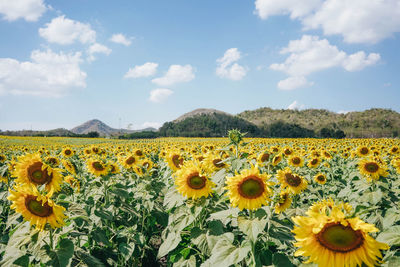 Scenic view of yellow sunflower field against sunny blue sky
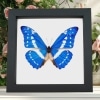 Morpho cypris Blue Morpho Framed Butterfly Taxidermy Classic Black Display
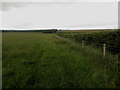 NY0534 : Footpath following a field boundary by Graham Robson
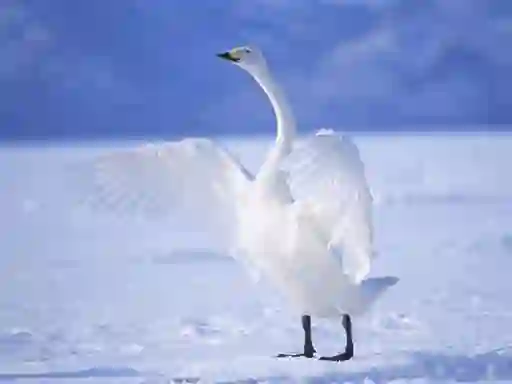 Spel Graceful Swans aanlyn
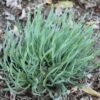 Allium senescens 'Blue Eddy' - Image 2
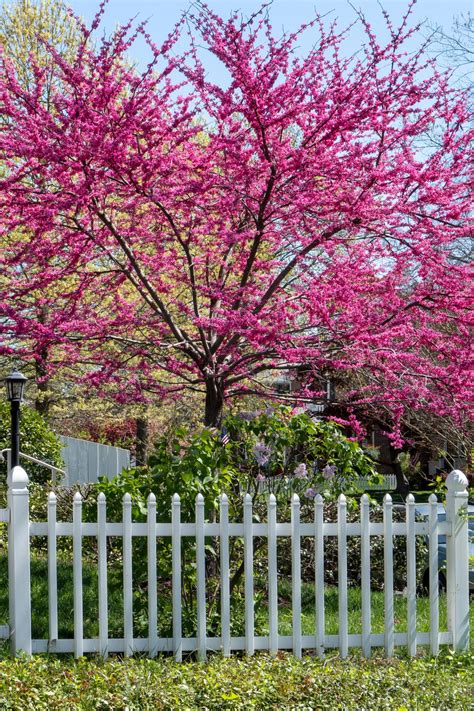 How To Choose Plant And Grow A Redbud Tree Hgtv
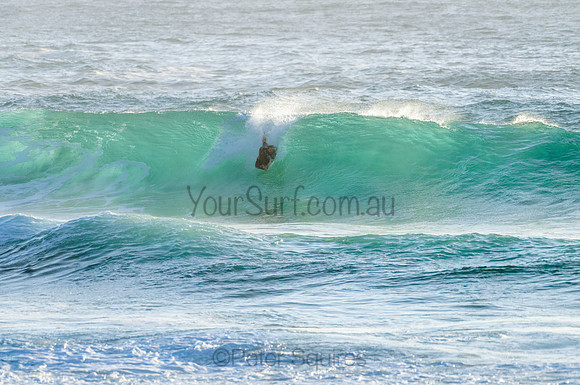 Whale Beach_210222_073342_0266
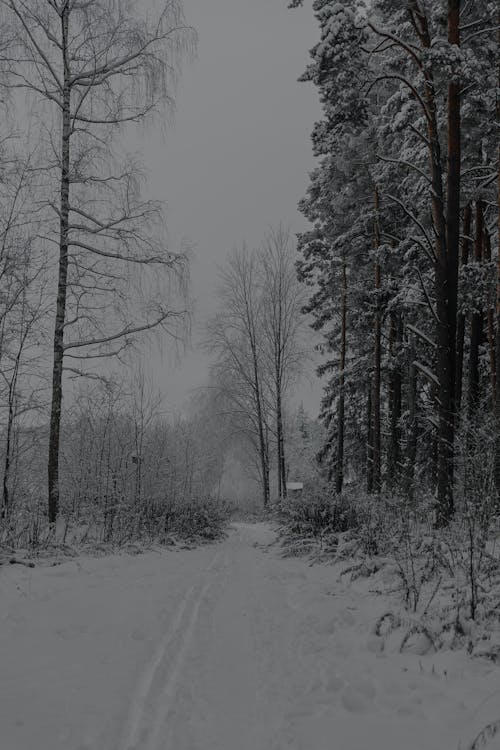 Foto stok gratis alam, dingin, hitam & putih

---

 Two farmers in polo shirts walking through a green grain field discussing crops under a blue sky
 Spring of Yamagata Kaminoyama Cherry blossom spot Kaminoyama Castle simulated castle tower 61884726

* * *

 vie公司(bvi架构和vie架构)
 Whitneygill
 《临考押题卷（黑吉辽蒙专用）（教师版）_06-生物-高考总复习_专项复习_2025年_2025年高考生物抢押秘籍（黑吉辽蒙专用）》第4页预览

What is being asked:
In the data above, start at the line holding "Whale Beach_210222_073342_0266" and stop after the line holding "Foto stok gratis alam, dingin, hitam & putih"; write out those lines exactly, without pictures.

Output for this task:
 Whale Beach_210222_073342_0266
 Foto stok gratis alam, dingin, hitam & putih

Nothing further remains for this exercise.